Lastly, I'm going to offer an "unusual" way to look at this.
Take this sentence for example:


PaysageDHiver said:


> The thought of some other dude making my girl moan, her smiling at him with the same bedroom eyes.


Sooo, I'd be turned on if I saw my BF getting pleasured by someone, and I genuinely mean that. It's hot. You could try looking at it the same way. Feel happy that your GF has receive pleasure from others, and now she's getting it from you. You're _that_ person now in charge of pleasuring her, and she's not thinking about the others because she's chosen you. She wants to be with you.

Anyways, I hope some of that helped. Best of luck and don't let her go without actual evidence that she's not good for you.


----------



## TheTraveler (Jan 31, 2013)

HustleRose said:


> And I did.
> You just don't agree.
> 
> I didn't say it shouldn't bother him or that his feelings where irrational. I said it did bother him that she had flings.
> ...


:yes

There will be flaws in anyone you date. There are flaws in you. but no relationship will work unless you deal with it. Dumping her because she has been around is a horrid reason. Maybe she should dump you cause you havent slept with someone else? Yeah sounds foolish. Good luck finding a girl who hasnt slept around nor had a life before you. Running away you end up alone.


----------



## Elad (Dec 6, 2009)

I automatically assume every girl I get talking to has a high number and at least 5 guys lined up at all times so I have no expectations. I'm sorry to say but you opened pandoras box by asking for the truth, and now you either have to deal with it or move on. Its very easy to say "oh just accept it, its in the past" but the reality is these little things eat away at us, especially with the over thinking/analyzing aspect of anxiety.
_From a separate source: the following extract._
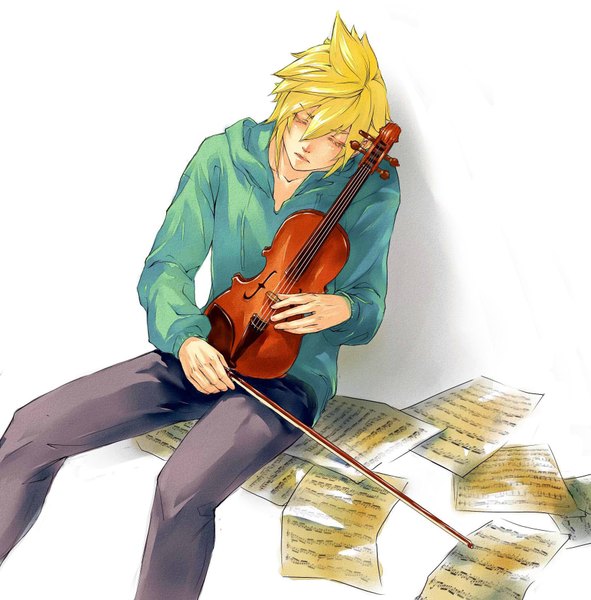 Anime picture 1806x1836 with final fantasy vii pixiv cloud strife yoku (liuyc) single tall image highres short hair simple background blonde hair white background sitting eyes closed shadow sleeping boy paper musical note violin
Always keep a don't ask dont tell policy around this stuff, because its nothing but trouble.

People saying "oh you cant dump her for that! thats stupid" are wrong. You can leave/dump for whatever reason you choose, its about you - you don't have to comply with any rules of SAS members. So if it really becomes such an overwhelming issue then it might have to be done, though hopefully as a last resort.

I'm sorry for coming across pessimistic but to me its just reality. If you're having these doubts now then you'll probably keep having them, unless you have a total mental turn around, which is unlikely.



arnie said:


> This. If it bothers you so much now, it's never going to stop bothering you. This fear will just poison the relationship bit by bit. It makes more sense to find someone else.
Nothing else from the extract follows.